**Dataset section:**
——

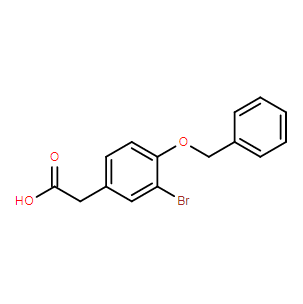2-(4-(苄氧基)-3-溴苯基)乙酸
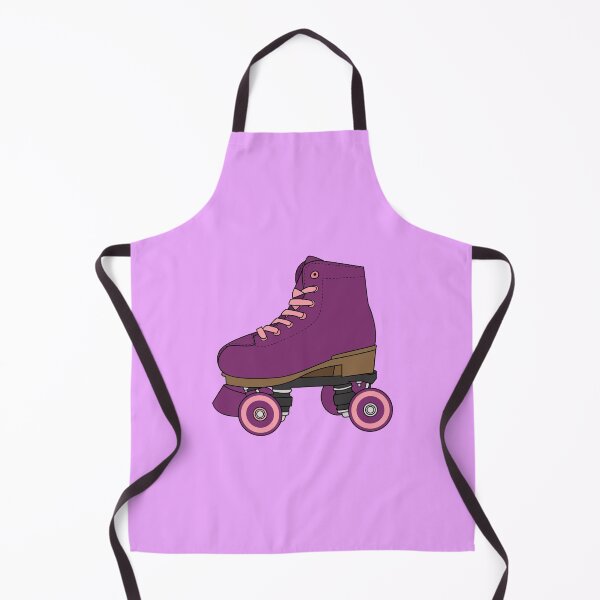 Item preview, Purple Roller Skate Shoes designed and sold by 1604techni.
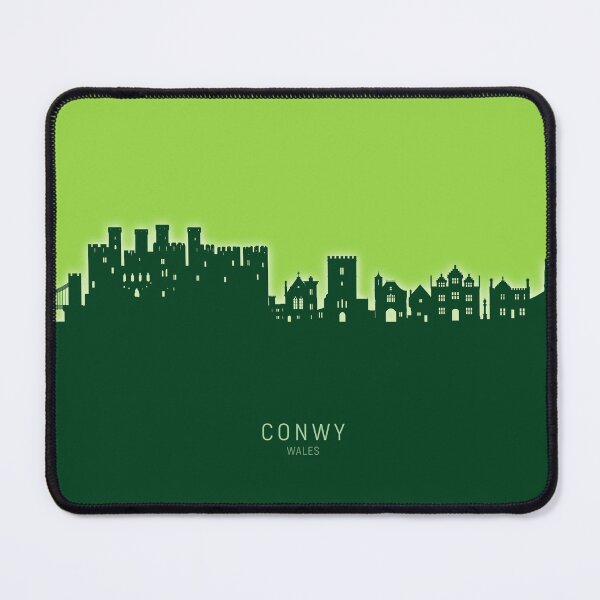 Item preview, Conwy Wales Skyline designed and sold by ArtPrints.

——

**Work to be completed:** Output each line above exactly. Skip the images.

**Answer to this exercise:**
2-(4-(苄氧基)-3-溴苯基)乙酸
 Item preview, Purple Roller Skate Shoes designed and sold by 1604techni.
 Item preview, Conwy Wales Skyline designed and sold by ArtPrints.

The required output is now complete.